Jude Bellingham to face best friend Gio Reyna in England-USA battle
From Birmingham to Borussia Dortmund, it has been an incredible couple of years for Jude Bellingham. Now the boy from Stourbridge is taking centre stage at the World Cup and even though it is increasingly difficult to remember the rangy midfielder is still a teenager, few are surprised he has already made an imprint in Qatar.
“I watched every game last year and it was an evolution, he would learn little things game by game and start to develop and get better,” says Gio Reyna, his best friend at Dortmund who has witnessed Bellingham’s development at close quarters, paying particular interest when sidelined through injury last season. “It is awesome to see. We have both had our struggles at times but to see him and the role he has taken in our team, it is great.”
Only on Friday, when England do battle with the USA, the pair will be on opposing sides. Bellingham, who opened the scoring against Iran, is certain to keep his place and Reyna could make his first appearance at the finals. “He has been really great with me over the past year. He has been the one reaching out the most and making sure things are all good. When the group [for the World Cup] was announced we were the first ones to text each other, probably 30 seconds after we found out. We have been talking some ‘smack’, but I love him. We sit next to each other on the bus, and when we fly we normally sit very close. It is just a really good relationship. We really feed off each other on and off the field. He is a really good player and we will both be ready to battle.”
Reyna is not the only member of the USA squad with links to England. The Leeds pair of Tyler Adams and Brenden Aaronson, plus Christian Pulisic of Chelsea, are three of seven USA players contracted to English clubs. Cameron Carter-Vickers, now of Celtic, began his career in earnest at Tottenham aged 11 and Yunus Musah, who was born in New York to Ghanaian parents but moved to England from Italy aged nine, started across north London at Arsenal, where he played alongside Bukayo Saka, and with Bellingham for England’s youth teams, which he captained at under-15s, -16s and -17s. “To share a field with them will be very special,” Musah says.

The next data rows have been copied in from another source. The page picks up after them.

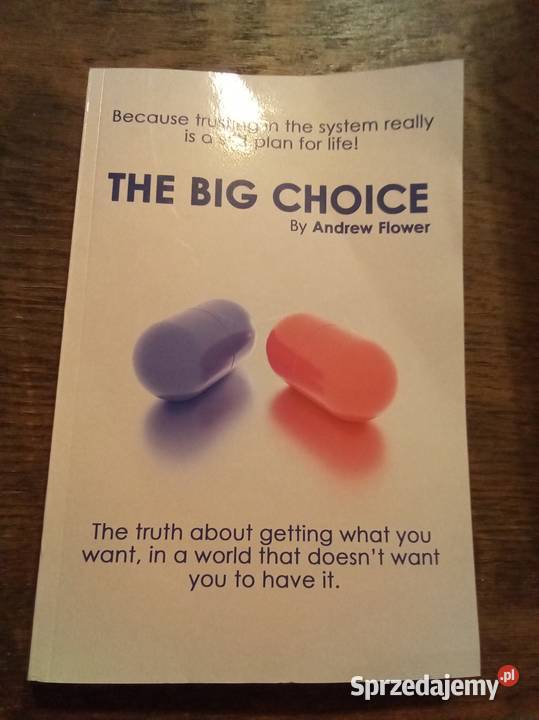 The big choice the truth about getting what you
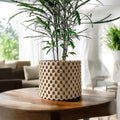Cheo Planter Pot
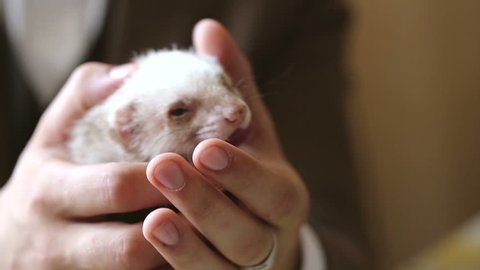 Ferret Pet Animal in the Mens Hands Closeup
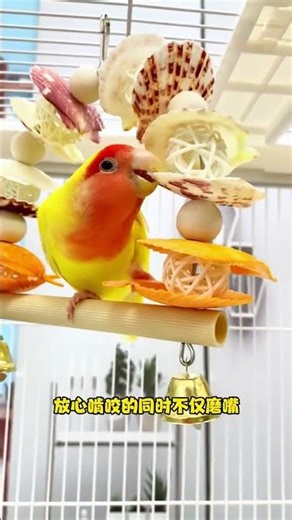 DIY Bird Toy Using Fruits 🍊 | Parrot Cage Enrichment Toy 🦜Easy Homemade Bird Toys for Parrots &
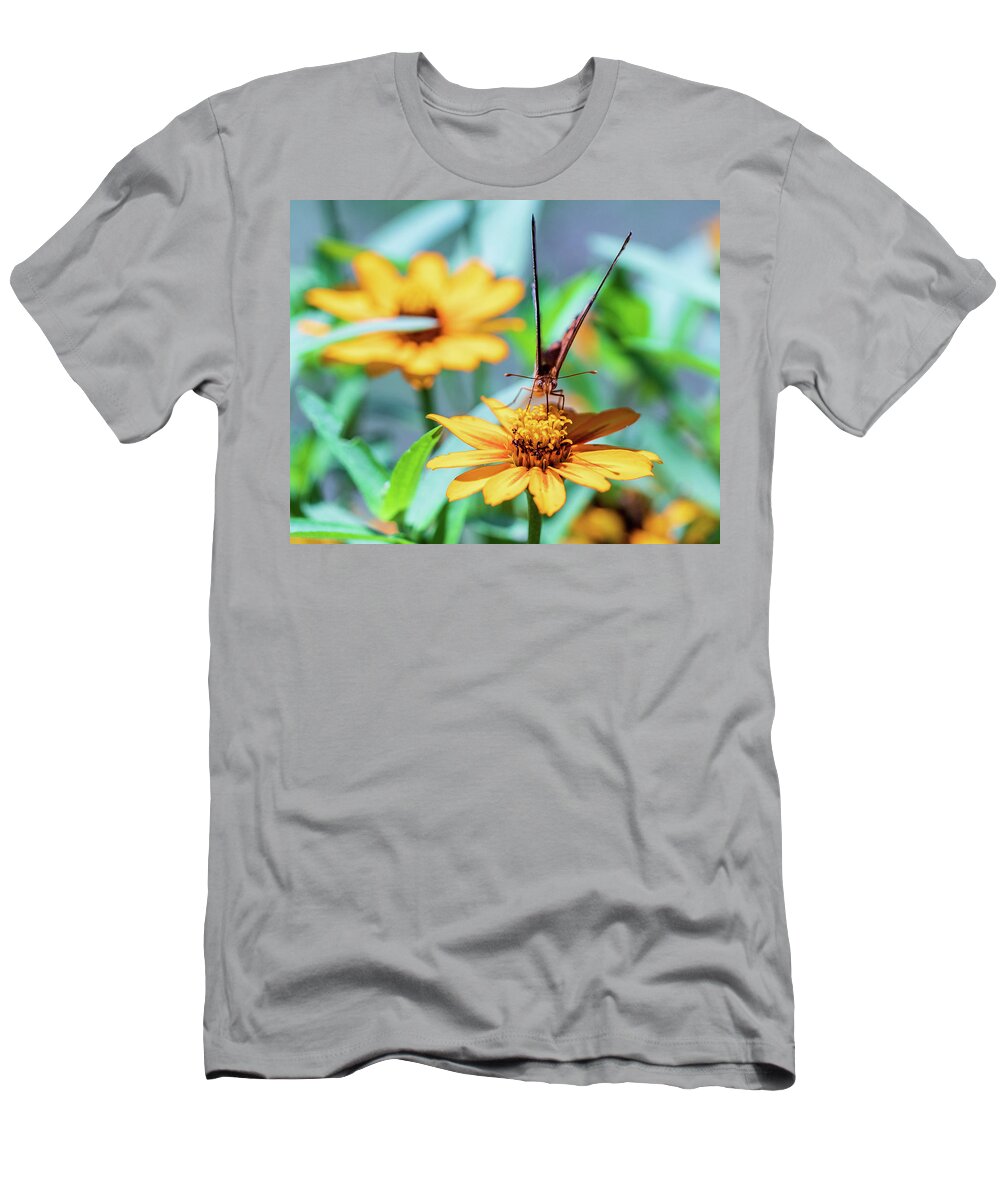 Arboretum T-Shirt featuring the photograph Nature Photography Butterfly by Amelia Pearn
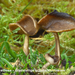 Helvella-villosa_Gladstelige-schotelkluifzwam_MH20091214_7686-8-A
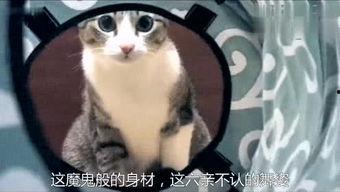 吃奶头视频,揭秘育儿过程中的温馨瞬间
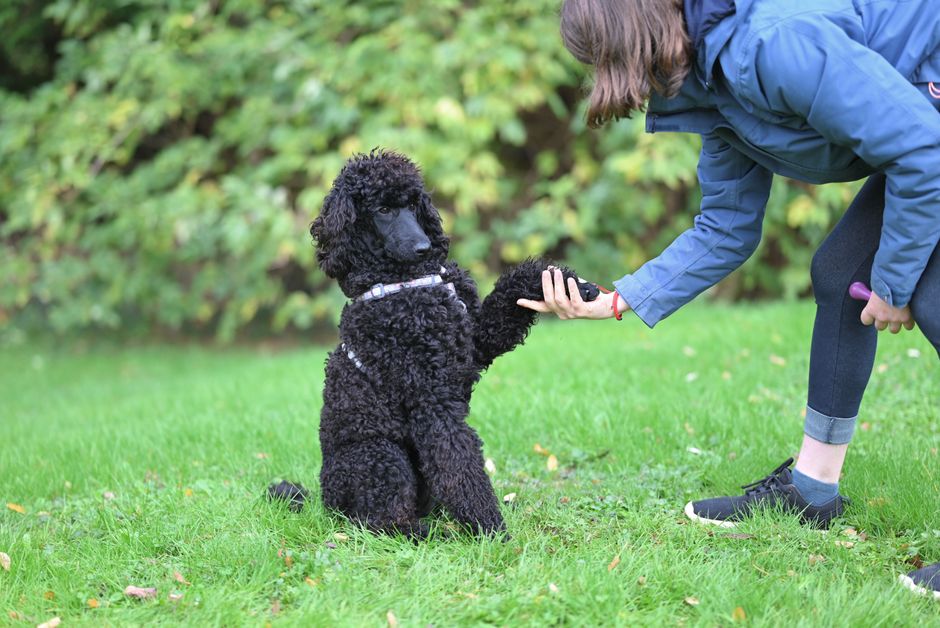 犬のしつけ教室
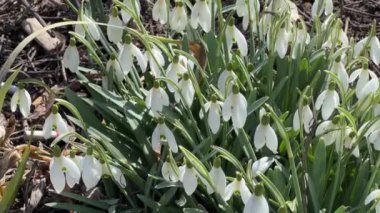 Güneşli rüzgarda açmakta olan kar damlaları çalılığı yakın plan.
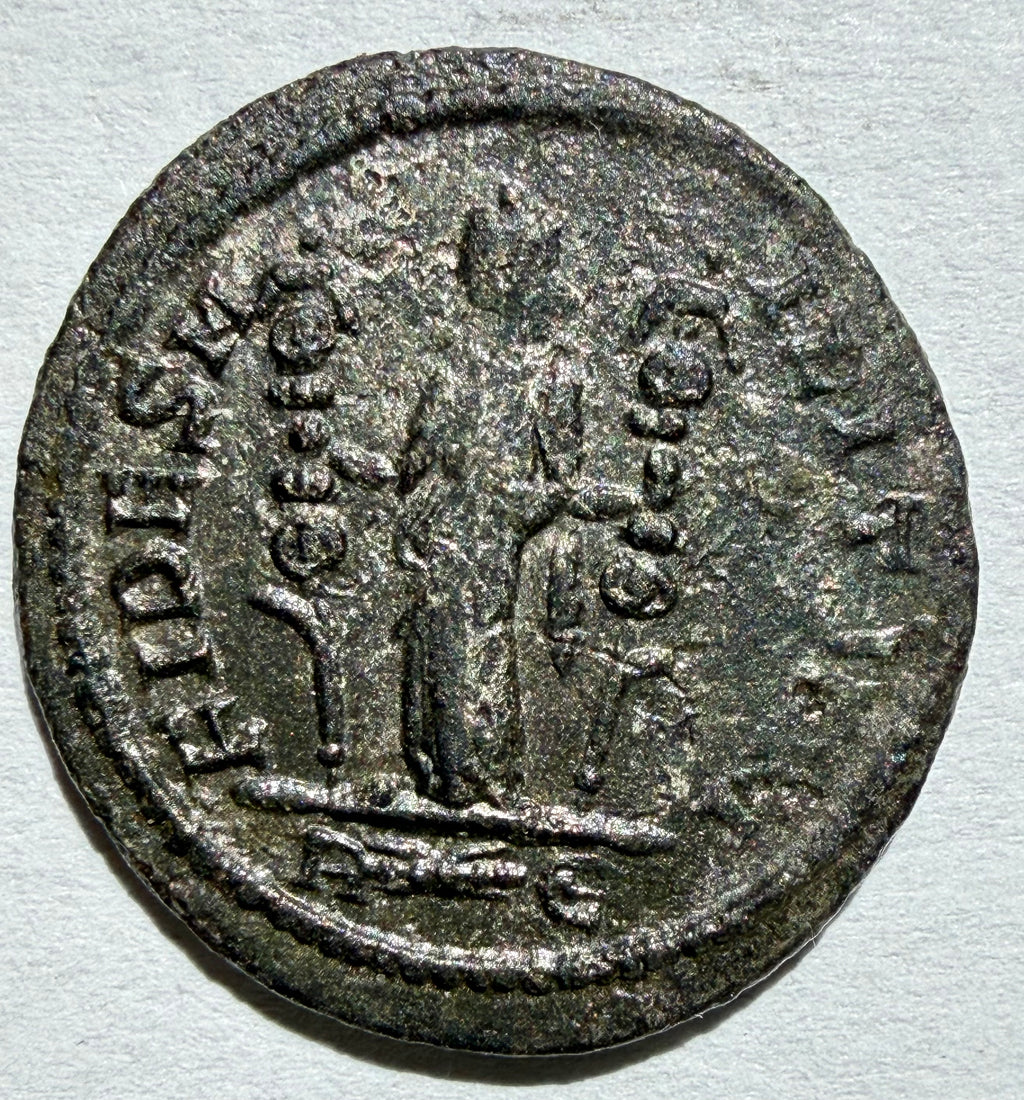 PROBUS Antoninianus 281 AD - FIDES MILITVM - Rome Mint (R⚡E) - superb-Ex Noonans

Eligible to play for Ghana, Italy and the USA, Musah made 32 appearances up to and including under-18 level for England. He recalls a talk from Gareth Southgate. “It was great to have the England manager speak to you,” Musah says. “I was hoping that one day I would be selected by him.” How did he come to pin his colours to the USA last year, then? “With England I had a great time, I had nothing to complain about. I had an amazing time, great coaches, a great experience and it got to the time where I had to make a decision for my professional career and I was at that young age. I had an opportunity to play with a great team in the US and on that camp I just had a great feeling.”
Musah joined Valencia in 2019 after seven years at Arsenal, where he was coached by Greg Lincoln, now of the Football Association, and Freddie Ljungberg. “He really helped me out as well with details,” Musah says of Ljungberg. “We were on tour in Germany and one day he got us to watch the Invincibles movie [about Arsenal’s unbeaten season when they won the Premier League in 2003-04] and it was incredible to see what they achieved and the talented players they had. It was inspiring. I was like: ‘One day I would like to do that as well.’”
Musah’s Ghanaian parents still live in east London but are in Qatar for the tournament. Since being in Doha, Musah, a Muslim, has been able to practise his faith. “I am enjoying it. I was out at a shopping centre and it was time to pray and I was able to go across the road to the mosque opposite the shopping centre to pray,” Musah says. “It’s not nice when you have to be waiting a long time to pray.”
There was a moment six minutes before half-time in England’s victory over Iran when Bellingham’s desire to keep the ball in play led him off the pitch for a split-second before head-butting the corner flag in frustration as he eventually admitted defeat.
In fairness, at the moment it feels as though the 19-year-old is in such a good spot he is capable of the impossible. “What separates him is his ability to be able to do everything,” Reyna says. “There aren’t many things you can point at that he cannot do. He is a competitor. He can do everything. [If you] ask him to play left wing or left-back, he could probably do both.” Even in goal? “Yeah,” Reyna smiles.